The Court held that there would have been a violation of Article 3 if Belgium
had expelled Mr. Paposhvili to Georgia without having assessed “the risk faced
by him in the light of the information concerning his state of health and the
existence of appropriate treatment in Georgia.” It found a similar violation of
Article 8 if Belgium had expelled him without having assessed the impact of his
return on his “right to respect for his family life in view of his state of
health.”
Opening Up “Other Very Exceptional Cases”
The Chamber judgment in Paposhvili followed N. and Yoh-Ekale Mwanje
v. Belgium where the Court had taken into account that “the
applicants’ condition had been stable as a result of the treatment they had
been receiving, that they were not ‘critically ill’ and that they were fit to
travel” (§ 119). The Chamber thus concluded that though Mr. Paposhvili suffered
from “a fatal and incurable disease … his conditions are all stable and under
control at present; his life is therefore not in imminent danger and he is able
to travel” (§ 120).
As readers might remember, the N. Grand Chamber established that
removing a non-national suffering from a serious illness to “a country where
the facilities for the treatment of that illness are inferior to those
available in the Contracting State may raise an issue under Article 3, but only
in a very exceptional case” (§ 42). The Grand Chamber concluded that the
applicant’s circumstances in N. were not exceptional, as found in D. v. United Kingdom (§
42). D was critically ill, close to death, and had no prospect of medical care
and family support in his home country. The N. Grand Chamber,
however, left a window open: it did not exclude that “there may be other
very exceptional cases where the humanitarian considerations are equally
compelling” (§ 43, emphasis added).
In our third party intervention,
we argued that being medically stable and fit to travel as a result of the
treatment received should not be a determining criterion in allowing an expulsion.
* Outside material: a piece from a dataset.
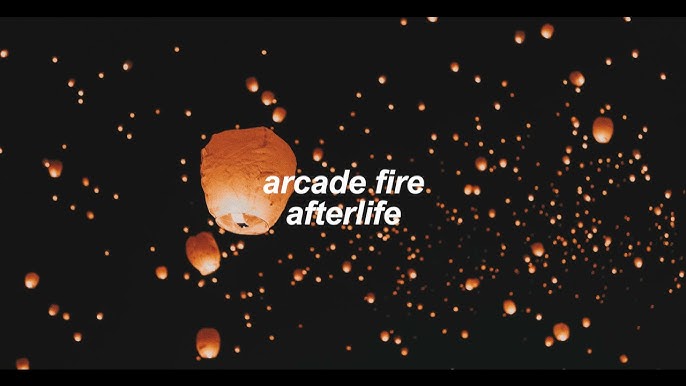 AFTERLIFE - Arcade Fire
We respectfully invited the Court to develop a less extreme approach, one that
considered the difference between applicants’ suffering in the sending state
and the suffering they would face in the receiving state. The aim, we
submitted, should be to determine whether the reduction of applicants’ life
expectancy and the deterioration of their quality of life would be such as to
reach the level of severity required by Article 3. The applicant argued that
his expulsion to Georgia would place him at risk of “a severe and rapid
deterioration in his state of health leading to his swift and certain death” (§
148). He asked the Court “to go beyond its findings in N. v. the United Kingdom” and to define
“a realistic threshold of severity that was no longer confined to securing a
‘right to die with dignity’” (§ 149).
The Paposhvili Grand Chamber enters through the window N. left open. It notes that since N. no other “very exceptional cases” had
been found (§ 178). It importantly recognizes that the application of Article 3
only to persons close to death has deprived those whose condition was less
critical but who were still seriously ill from “the benefit of that provision”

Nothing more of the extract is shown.